### [GIVEN ENTRIES]
--------------------------------------------------

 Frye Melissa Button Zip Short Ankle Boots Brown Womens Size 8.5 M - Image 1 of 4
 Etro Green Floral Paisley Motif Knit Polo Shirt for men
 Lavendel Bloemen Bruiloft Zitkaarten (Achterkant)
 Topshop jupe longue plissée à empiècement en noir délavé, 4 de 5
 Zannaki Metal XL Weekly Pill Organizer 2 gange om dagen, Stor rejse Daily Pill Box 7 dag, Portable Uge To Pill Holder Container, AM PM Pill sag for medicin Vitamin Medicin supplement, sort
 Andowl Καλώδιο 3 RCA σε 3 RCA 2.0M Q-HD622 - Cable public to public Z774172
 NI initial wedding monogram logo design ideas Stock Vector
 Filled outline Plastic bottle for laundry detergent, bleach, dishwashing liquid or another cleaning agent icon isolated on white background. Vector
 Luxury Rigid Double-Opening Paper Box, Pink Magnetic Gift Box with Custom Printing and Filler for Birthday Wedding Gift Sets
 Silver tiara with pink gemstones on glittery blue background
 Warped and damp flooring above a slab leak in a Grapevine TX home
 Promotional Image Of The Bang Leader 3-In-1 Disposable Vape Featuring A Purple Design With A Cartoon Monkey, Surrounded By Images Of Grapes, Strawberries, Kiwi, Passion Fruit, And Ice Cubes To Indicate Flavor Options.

--------------------------------------------------

### [TASK]
Write every record out again, unaltered.

### [RESPONSE]
 Frye Melissa Button Zip Short Ankle Boots Brown Womens Size 8.5 M - Image 1 of 4
 Etro Green Floral Paisley Motif Knit Polo Shirt for men
 Lavendel Bloemen Bruiloft Zitkaarten (Achterkant)
 Topshop jupe longue plissée à empiècement en noir délavé, 4 de 5
 Zannaki Metal XL Weekly Pill Organizer 2 gange om dagen, Stor rejse Daily Pill Box 7 dag, Portable Uge To Pill Holder Container, AM PM Pill sag for medicin Vitamin Medicin supplement, sort
 Andowl Καλώδιο 3 RCA σε 3 RCA 2.0M Q-HD622 - Cable public to public Z774172
 NI initial wedding monogram logo design ideas Stock Vector
 Filled outline Plastic bottle for laundry detergent, bleach, dishwashing liquid or another cleaning agent icon isolated on white background. Vector
 Luxury Rigid Double-Opening Paper Box, Pink Magnetic Gift Box with Custom Printing and Filler for Birthday Wedding Gift Sets
 Silver tiara with pink gemstones on glittery blue background
 Warped and damp flooring above a slab leak in a Grapevine TX home
 Promotional Image Of The Bang Leader 3-In-1 Disposable Vape Featuring A Purple Design With A Cartoon Monkey, Surrounded By Images Of Grapes, Strawberries, Kiwi, Passion Fruit, And Ice Cubes To Indicate Flavor Options.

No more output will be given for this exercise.